5. Schadevergoeding proceskosten en griffierecht
5.1. Tot slot overweegt de rechtbank dat op grond van artikel 8:73, eerste lid, van de Awb eerst sprake kan zijn van een gehoudenheid tot het betalen van een schadevergoeding in geval van een gegrond beroep. Nu het beroep ongegrond is, komt de rechtbank niet toe aan een beoordeling van eisers verzoek om schadevergoeding.
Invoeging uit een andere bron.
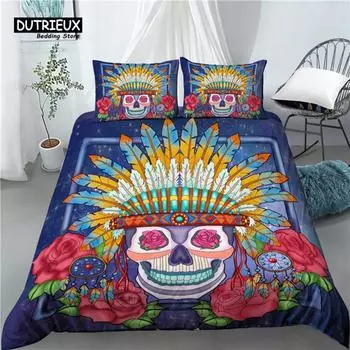 Home Living Luxury 3D Sugar Skull Print 2/3Pcs Comfortable Duvet Cover PillowCase Bedding Sets EU/US/AU Size EU single(135x200cm)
5.2. Voor een proceskostenveroordeling of vergoeding van het griffierecht ziet de rechtbank geen aanleiding.
Beslissing
De rechtbank:
- verklaart de beroepen van de supportersvereniging en van FC Utrecht BV gegrond;
- vernietigt het bestreden besluit;
- verklaart de bezwaren van de supportersvereniging en FC Utrecht BV niet-ontvankelijk;
- verklaart het beroep van [A] en 110 anderen, zoals genoemd in de bijlage bij de
uitspraak, ongegrond.
Deze uitspraak is gedaan door mr. L.H. Waller, voorzitter, en de mrs. Th. P.J. de Graaf en S.E. Reichert, leden, in aanwezigheid van mr. H. van Hoeven, griffier. De beslissing is in het openbaar uitgesproken op 26 juni 2012.
de griffier de voorzitter
Rechtsmiddel
Tegen deze uitspraak kan binnen zes weken na de dag van verzending daarvan hoger beroep worden ingesteld bij de Afdeling bestuursrechtspraak van de Raad van State.